Agree that it is easier to find misaligned than an aligned optimizer because an aligned optimizer should be more complex. Simpler solutions are more reachable because adding features to the objective doesn’t make the optimizer find it quicker but usually harder. Example is a task to find a barber in some town and find a blond barber in this town. It might be the same probability if all barbers are blond but it is not possible that the probability will increase for the second case.


Agree that the larger mesa-optimizer is the better aligned it is, but the less likely a base optimizer finds it. Because aligning powerful and critical optimizers should require a larger amount of information. Example is self-driving cars which might easily learn road signs but will require more space to learn how to react to various objects on the road (humans, dogs, etc.).


Agree that deception is an especially hard problem, but it looks to me the paper misses additional discussion about model honesty or truthfulness which might be a solution to mesa-optimizer deception. Consider detecting deception at train time: if there exists a way to ask a mesa optimizer at train time if it will give different results at test / deploy time. In that case if we have an honest mesa optimizer that can somehow tell us this information then we detect that it will be a treacherous turn and modify its objection at the train time.


It seems to me it needs more research about the risk from the collusion of deceptive agents or optimizers that might disempower humanity. Perhaps authors could propose an experiment that would prove the likelihood of simultaneous deception of several models.


Regarding the conclusion. I’m not sure about the 3rd case in the consequences:

Furthermore, in such a scenario, some parts of the outer alignment problem may not need to be solved either …

Looks like we should solve the whole outer alignment in that case because what if a base optimizer nevertheless finds a way to mesa-optimization because it might have ability and we didn’t make it not to do so. Hence again we might face the inner alignment problem or even deception. It seems there is a small risk of it. Or we need more clarification, what does “preventing mesa-optimizers from arising’’ mean. Does it mean that it might happen occasionally but disabled, i.e. possibility of it still holds? I’m saying it because it is widely known how unstable and buggy our software currently is. There is even ‘a law’ for this, Murphy’s law, that says that what can be broken will be broken.


It seems that the paper misses concrete examples of how mesa-optimization might occur in an optimizer that was not designed for mesa-optimization, i.e. unintended optimization. Here is an example derived from “The alignment problem from a deep learning perspective” by Richard Ngo.
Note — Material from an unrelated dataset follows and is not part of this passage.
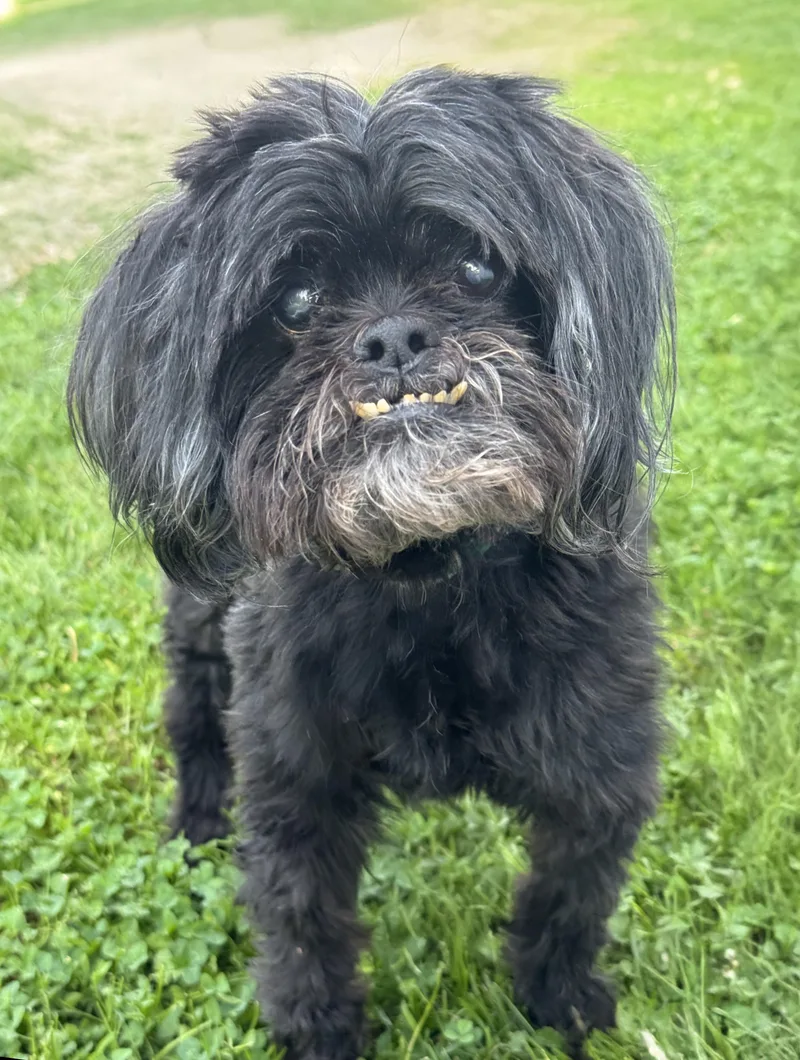 An adult small-sized female Black Shih Tzu dog named Sophie for adoption in Anderson, IN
Suppose we can have one large optimizer that actively interacts with the world, some giant model constantly updating its weights and running in a large gpu farm. It will interact with the world by emitting actions on a given state, and the policy (mapping from states to actions) will be learned via self supervised learning (it is told or shown what next action should be given that input). So where is mesa-optimization here? How exactly does it map states to action? Is it like a transformer which is fine tuned for tasks? So this fine tuning will be like a mesa optimizer, i.e. it has this giant base optimizer that seems to be aligned with human values but when it does fine tuning for a specific task (say composing python programs) it creates a mesa-optimizer.